4. Simple High Protein Breakfasts

Some of my favorite breakfast dishes include: greek yogurt, hardboiled eggs and oatmeal. If you haven't tried greek yogurt yet, you're missing out on an amazing breakfast option. You can purchase individual grab-n-go containers to take out the door or larger tubs if you have time to sit down and eat. Either way, greek yogurt has more protein than conventional yogurt and has a custard consistency that I find more enjoyable.

Hardboiled eggs are harder to eat on the go, but the preparation is easy. I usually just throw 7 or 8 eggs  into boiling water on Sunday evenings and eat them throughout the week for breakfasts. If I don't eat them all by Friday morning, I try to incorporate them into a salad or another dish. These are another great source of protein for someone with Celiac.
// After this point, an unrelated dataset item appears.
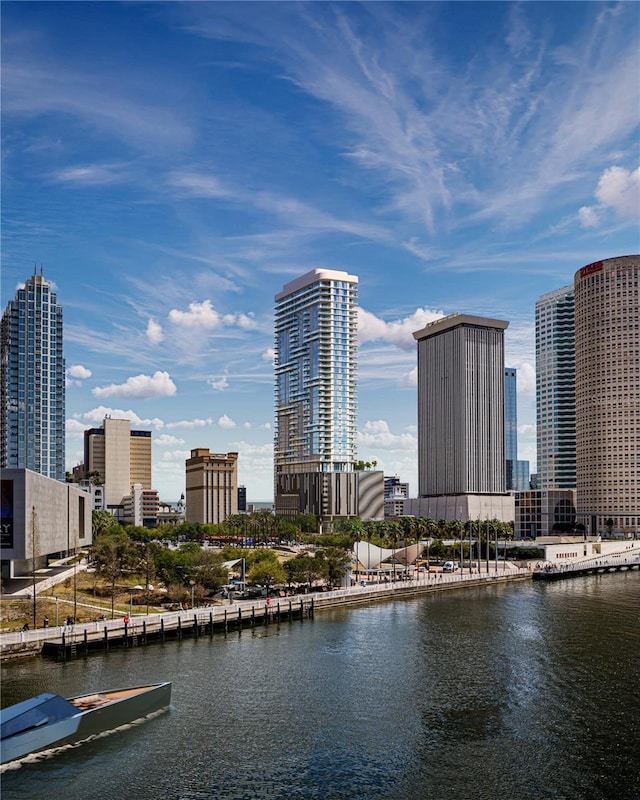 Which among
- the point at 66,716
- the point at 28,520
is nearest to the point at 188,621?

5. Keep up with Planning and Preparation

As everyone else, you might go through time periods where planning just doesn't happen. Don't let this get you down, just pick up where you can and plan from there. If you think you might eat a food item in the next few days, just cook it and throw it in the fridge or freezer as an air of precaution. Chances are, if you're busy and it's previously prepared, you'll end up eating it for a meal.

What are some of your tips for eating GF on the go?

Wednesday, June 1, 2011

Favorite Twin Cities GF Restaurants

After living in MPLS for over 3 years, I have a place for Pizza Luce in my heart. They were one of the first reliable and safe GF places that I found to get GF pizza and it tastes AMAZING! They not only have GF pizza, but also provide a menu of plentiful GF options. There are appetizers, salads, pastas, pizzas, desserts and beer that are all GF. Their menu is available here:

Along with having a thorough menu, the service is always dependable. In my experience, servers are in the know about what it means to be a GF customer and always willing to answer questions or investigate options. They genuinely create a safe GF dining environment for all.

In my time with Students for Gluten Free Awareness at the University of Minnesota we were fortunate to have the Pizza Luce Seward location donate gift certificates to our members. Pizza Luce has served as a backbone in the developing GF community in the Twin Cities and makes a killer pizza. Try it out if you haven't yet!

What are your favorite Gluten Free Dining options in the Twin Cities?